Vivimos físicamente como jóvenes en plena transformación, pero tratados mentalmente como meros niños que no comprenden lo que realmente pasa a su alrededor. Vivimos como en una eterna transición entre niños ciudadanos, y adultos cívicos. Y lo que es más grave, permitimos que se nos trate de esa manera.
La reforma política impulsada por el Kirchnerismo nos enfrentó, como país, a la posibilidad de comenzar a dejar atrás la adolescencia, y empezar a erguirnos como adultos. Pero, nuevamente, hemos optado por continuar siendo eternos imberbes.

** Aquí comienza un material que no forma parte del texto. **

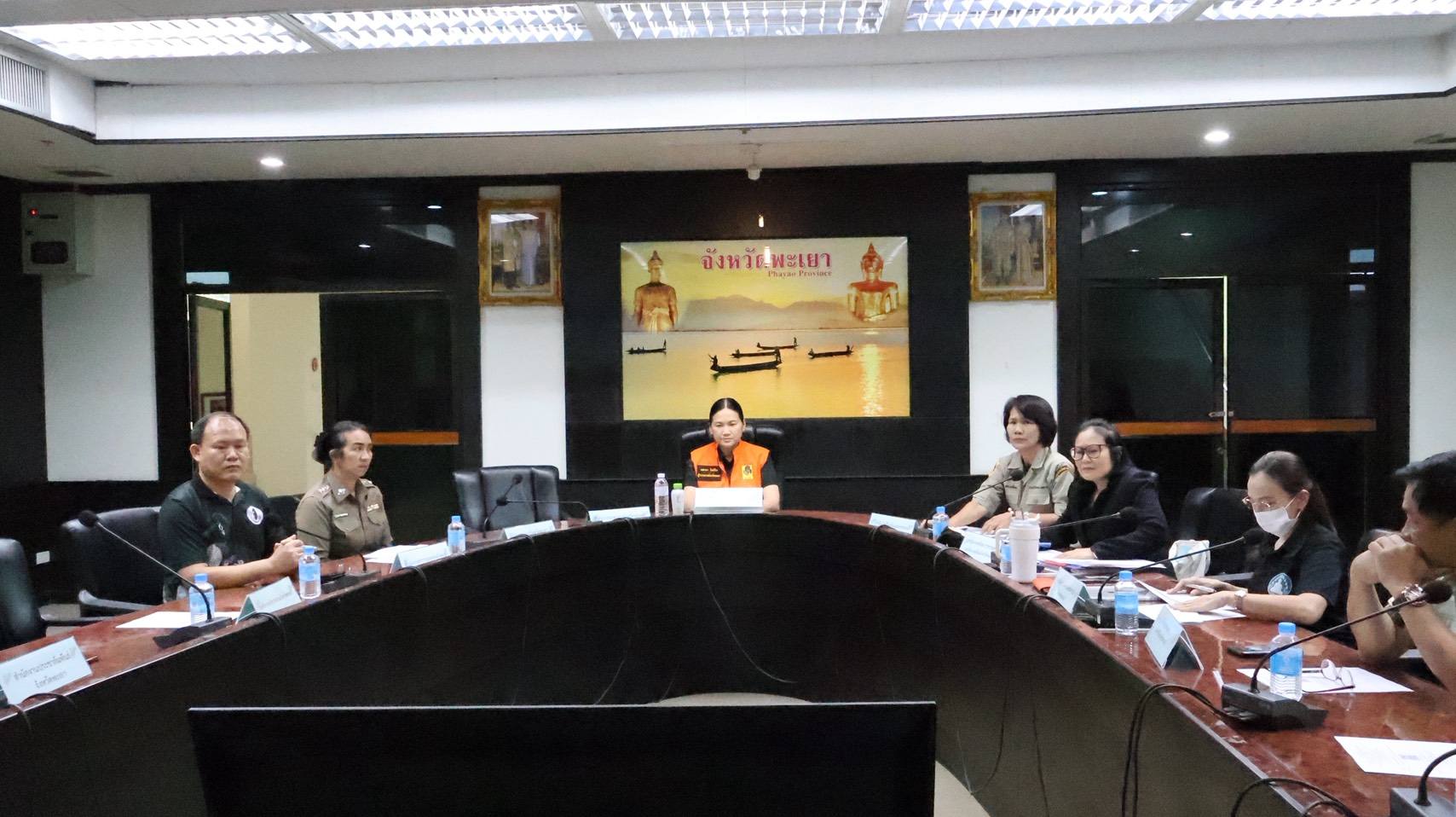 ผู้ว่าฯ พะเยาสั่งลุย คุมเข้มเผาป่า-ล่าสัตว์ หลังจุดความร้อนพุ่ง กระทบสุขภาพประชาชน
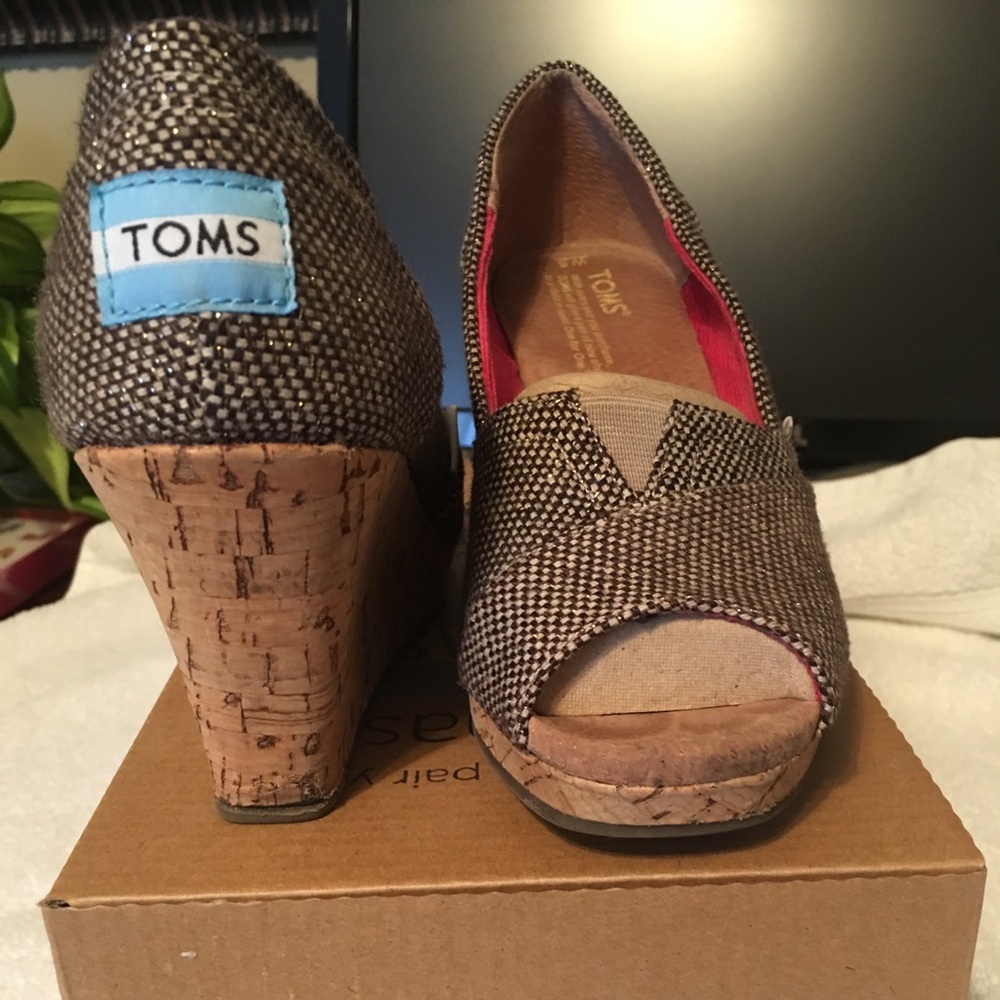 Shoes - Picture 2 of 6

En lugar de aprovechar el momentum de la reforma política parcial (que ignora por completo la introducción de reformas urgentes y necesitadas - lista sábana, boleta única, voto electrónico, etc.), asistimos callados y obedientes a los nuevos mandamientos de nuestros mayores. La mentada reforma no reforma; profundiza. Nos condena a seguir adolesciendo.
¿Existe mejor símbolo de madurez que la no-obligatoriedad del voto? Una ciudadanía madura es la que opta libremente por concurrir al acto electoral. Una ciudadanía de pantaloncitos cortos, en cambio, es obligada a votar, porque "es lo mejor para vos".
La reforma política no sólo no barre con la sobreprotectora obligatoriedad de votar, sino que profundiza el vínculo padre-adolescente. Ahora será también obligatorio votar en las internas de los partidos...
¿Alguien me alcanza el pomo de Barrocutina, por favor?